The
anode electrochemical performance of lithium-ion batteries
(LIBs) depends mainly on the structural stability of the electrode
material and its conductivity, and its energy storage mechanism is
mainly derived from the Faraday charge transfer that occurs around
the electrode surface and the Faraday pseudocapacitance. Due to the
high theoretical specific capacity of transition metal sulfides (TMS)
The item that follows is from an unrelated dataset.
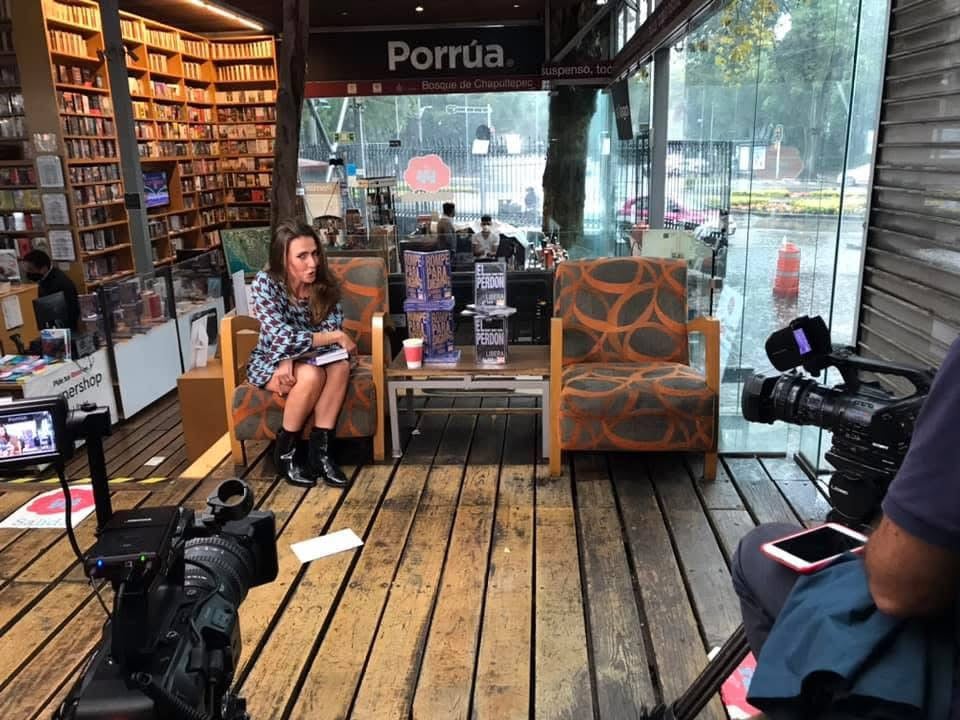 A woman sits next to a table with books in a bookstore setup, with cameras pointing towards her, suggesting an interview setting.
and the mechanical stability and high conductivity of carbon cloth
(CC), the strategy of growing TMS in situ in CC can simultaneously
improve reversibility, structural stability, and conductivity. In
this work, hierarchical 3D-Zn-ZIF-on-2D-Co-ZIF precursors are grown
in situ on CC by a strategy called MOF-on-MOF, and the ZnS/CoS2/CC stable framework is obtained by sulfuration. The interfacial
electron transfer mechanism was explored by ultraviolet photoelectron
spectroscopy, and the synergistic interaction between ZnS and CoS2 in ZnS/CoS2/CC was further elaborated. Specifically,
the work functions of ZnS and CoS2 are 15.9 and 16.6 eV,
respectively, and the corresponding Fermi energy levels are 5.32 eV
for ZnS and 4.62 eV for CoS2. Therefore, after doping with
ZnS, electrons will be transferred and enriched from the ZnS surface
to the CoS2 surface to accelerate the reduction process
of CoS2, and this plays such a decisive part during the
electrochemical reaction. Thereby, the charge enrichment and rapid
transfer at the ZnS/CoS2/CC interface facilitates the Faraday
reaction. As a result, ZnS/CoS2/CC exhibits an outstanding
electrochemical performance as an anode material for LIBs, with a
capacity of up to 1644.7 mA h g–1 after 160 cycles
at a high current density of 1 A g–1.